Unfortunately, as he points out, the conditions of Oriental life are such as to enforce rather than to control a disposition to mysticism. The poets found ready to their hand a mass of vague and beautiful thought eminently suited to imaginative treatment; whether they believed in it or not they used it, and thereby popularised it, delighting, as only an Oriental can, in the necessity of veiling it with exquisite symbolism, and throwing round it a cloud of charming phrases. These phrases caught and held the Oriental ear; and the Oriental mind is faithful to a formula once accepted. Moreover, when a man looked about him and saw the vicissitudes of mortal existence—nowhere more marked than in the East—how conqueror succeeded conqueror and empire empire, how the humble was exalted and the mighty thrown from his seat, how swift was the vengeance of God in sweeping pestilence and resistless famine, and how unsparing the forces of nature, he turned to a philosophy which taught that all earthly things were alike vain—virtue and patriotism and the love of wife and child, power and beauty and the bold part played in a hopeless fight; he remembered what he had learnt from poets and story-tellers—“Behold the world is as the shadow of a cloud and a dream of the night.”

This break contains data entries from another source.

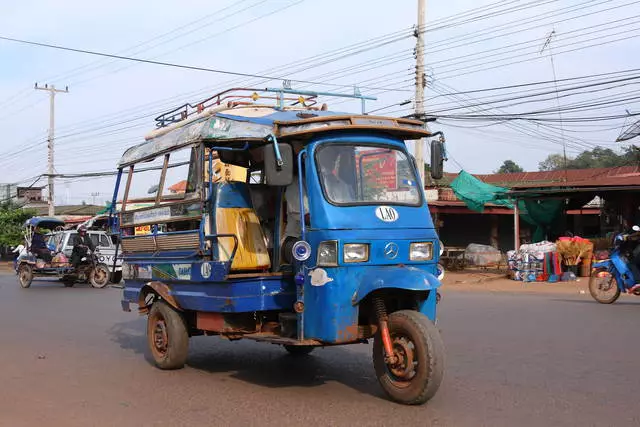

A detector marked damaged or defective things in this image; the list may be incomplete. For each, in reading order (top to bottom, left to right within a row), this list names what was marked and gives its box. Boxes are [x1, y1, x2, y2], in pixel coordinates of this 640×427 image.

rusty wheel rim [151, 316, 169, 360]
rusty wheel rim [388, 336, 418, 386] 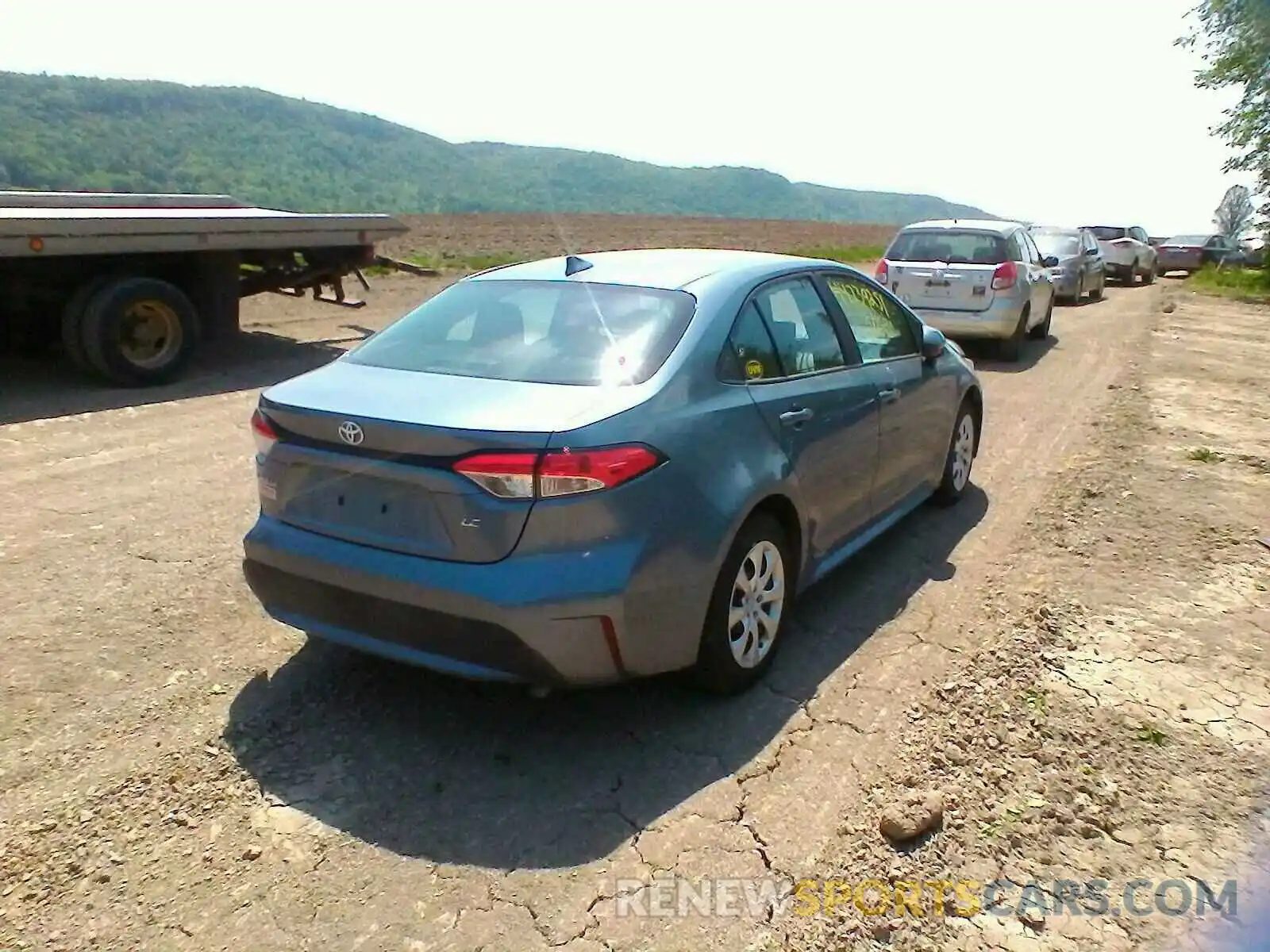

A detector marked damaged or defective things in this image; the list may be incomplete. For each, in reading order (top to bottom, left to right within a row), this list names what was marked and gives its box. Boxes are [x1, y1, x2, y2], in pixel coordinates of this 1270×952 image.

cracked pavement [0, 279, 1162, 946] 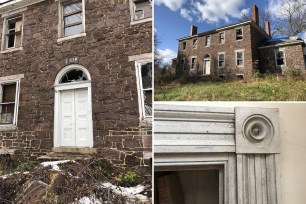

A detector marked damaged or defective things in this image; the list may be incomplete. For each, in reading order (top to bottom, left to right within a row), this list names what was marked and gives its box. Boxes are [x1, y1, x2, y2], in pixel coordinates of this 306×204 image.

broken window pane [0, 83, 16, 124] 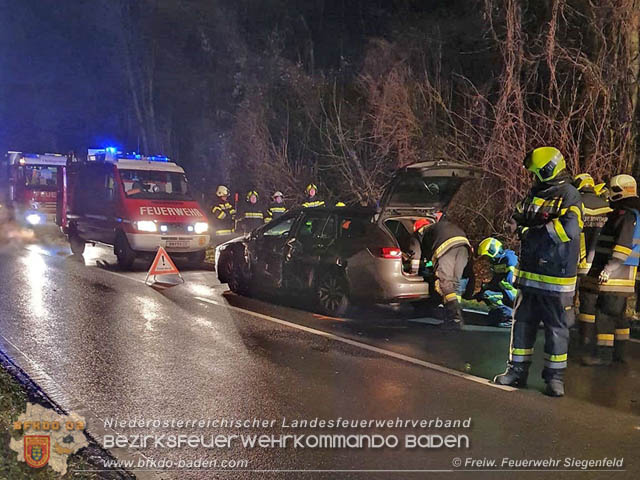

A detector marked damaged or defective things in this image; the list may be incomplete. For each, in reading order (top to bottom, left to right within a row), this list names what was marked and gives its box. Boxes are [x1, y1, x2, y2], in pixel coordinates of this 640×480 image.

crashed car [215, 160, 480, 316]
damaged vehicle [215, 161, 480, 316] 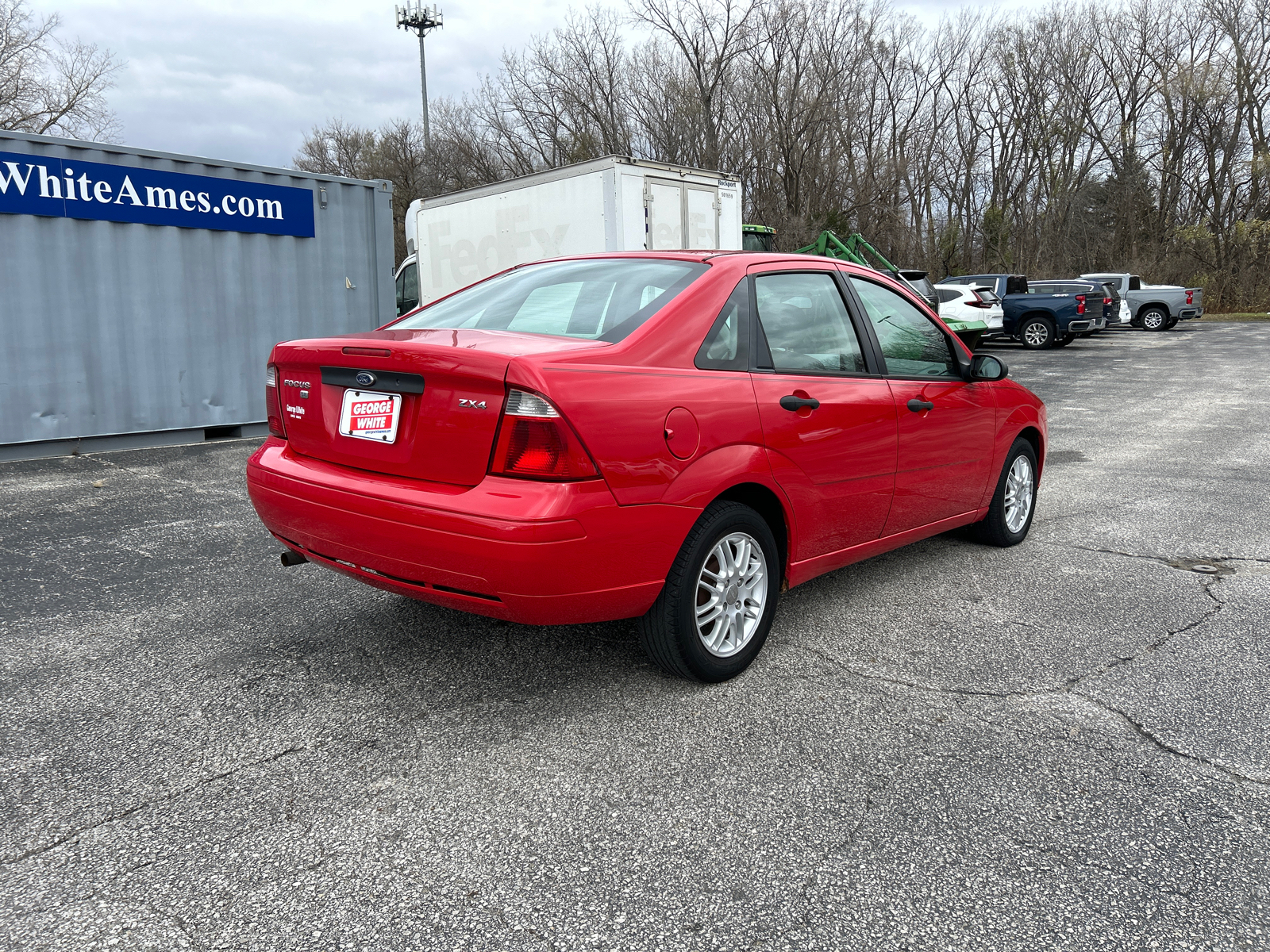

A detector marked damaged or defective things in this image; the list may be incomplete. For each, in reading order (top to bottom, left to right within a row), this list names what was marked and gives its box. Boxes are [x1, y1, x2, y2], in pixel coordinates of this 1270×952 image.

rusty metal wall [0, 129, 394, 451]
crack in asphalt [2, 746, 312, 873] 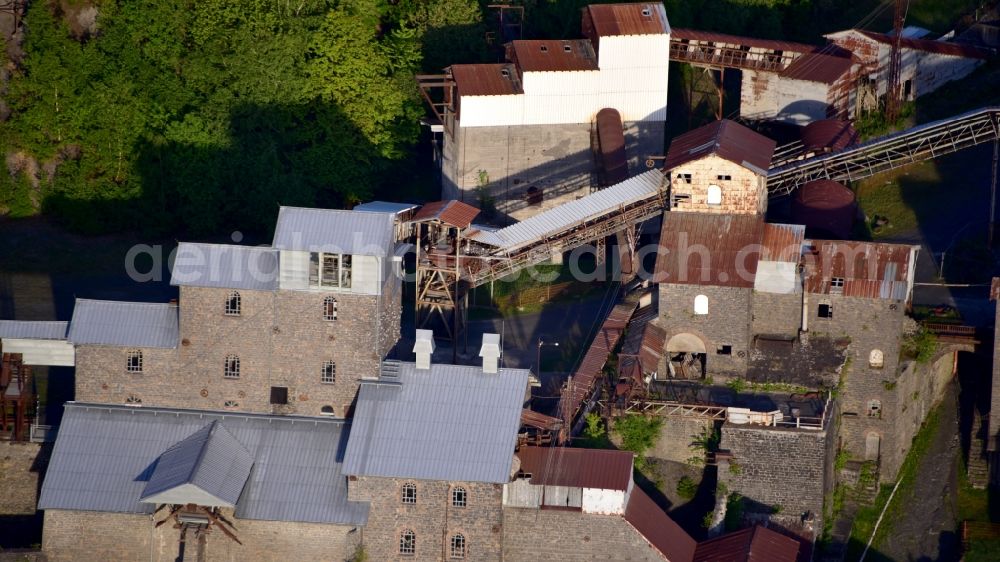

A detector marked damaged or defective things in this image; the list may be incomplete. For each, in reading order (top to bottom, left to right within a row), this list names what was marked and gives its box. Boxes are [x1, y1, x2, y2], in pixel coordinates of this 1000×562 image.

rusty corrugated roof [584, 2, 668, 36]
rusty corrugated roof [450, 63, 520, 95]
rusty corrugated roof [512, 39, 596, 72]
rusty metal sheet [512, 39, 596, 72]
rusty corrugated roof [672, 28, 820, 54]
rusty corrugated roof [780, 51, 852, 83]
rusty corrugated roof [668, 121, 776, 174]
rusty metal sheet [664, 120, 780, 175]
rusty storage tank [800, 118, 856, 153]
rusty corrugated roof [410, 200, 480, 229]
rusty storage tank [792, 178, 856, 237]
rusty corrugated roof [656, 212, 764, 286]
rusty corrugated roof [804, 237, 916, 300]
rusty corrugated roof [516, 444, 632, 488]
rusty corrugated roof [624, 486, 696, 560]
rusty corrugated roof [692, 524, 800, 560] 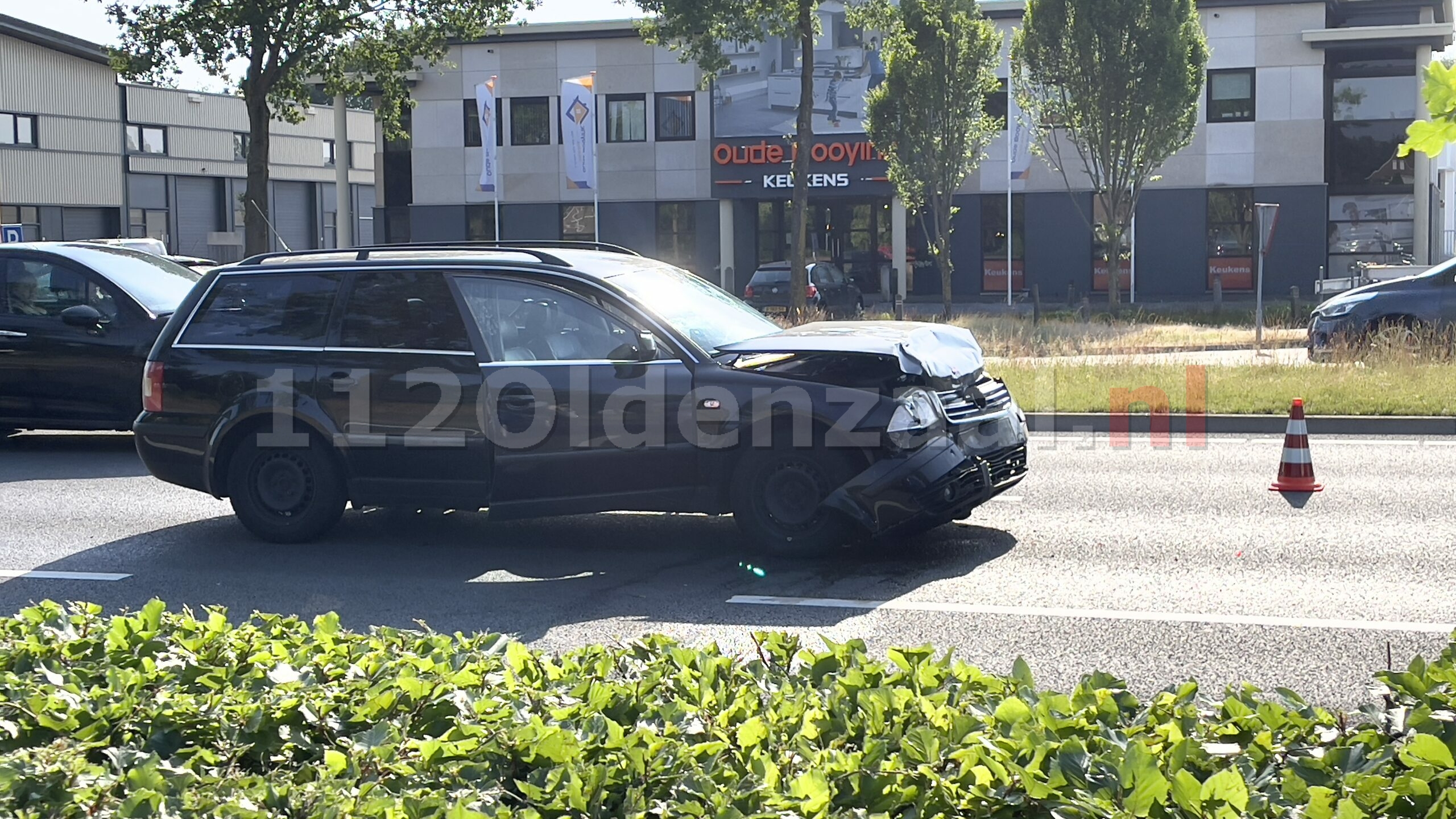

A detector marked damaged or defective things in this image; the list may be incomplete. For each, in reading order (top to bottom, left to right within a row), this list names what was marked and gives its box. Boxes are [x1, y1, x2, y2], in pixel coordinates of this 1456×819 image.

How far the Divan of Hafiz can be said to embody these doctrines, each reader must decide for himself, and each will probably arrive at a different conclusion. Between the judgment of Jami, that Hafiz was undoubtedly an eminent Sufi, and that of Von Hammer, who, playing upon his names, declared that the Sun of the Faith gave but an uncertain light, and the Interpreter of Secrets interpreted only the language of pleasure—between these two there is a wide field for differences of opinion. For my part, I cannot agree entirely either with Jami or with Von Hammer. Partly, perhaps, owing to the wise guidance of Sheikh Mahmud Attar, partly to a natural freedom of spirit, Hafiz seems to me to rise above the narrow views of his co-religionists, and to look upon the world from a wider standpoint. The asceticism of Sufi and orthodox he alike condemns: “The ascetic is the serpent of the age!” he cries. I think it was not only to curry favour with a king that he welcomed the accession of Shah Shudja, nor was it only to disarm the criticism of stricter Mohammadans that he described himself as a weary seeker after wisdom, praying God to show him some guiding light by which he might direct his steps. Of the two conclusions that are commonly drawn from the statement that to-morrow we die, Hafiz accepted neither unmodified by the other. “Eat and drink,” seemed to him a poor solution of the mysterious purpose of human life, and an unsatisfactory sign-post to happiness; “the abode of pleasure,” he says, “was never reached except through pain.” On the other hand, he was equally unwilling to despise the good things of this world. “The Garden of Paradise may be pleasant, but forget not the shade of the willow-tree and the fair margin of the fruitful field.” “Now, now while the rose is with us, sing her praise; now, while we are here to listen, Minstrel, strike the lute! for the burden of all thy songs has been that the present is all too short, and already the unknown future is upon us.” He, too, would have us cut down far reaching hope to the limit of our little day, though he cherished in his heart a more or less elusive conviction that he should find the fire of love burning still, and with a purer flame, behind the veil which his eyes could not pierce.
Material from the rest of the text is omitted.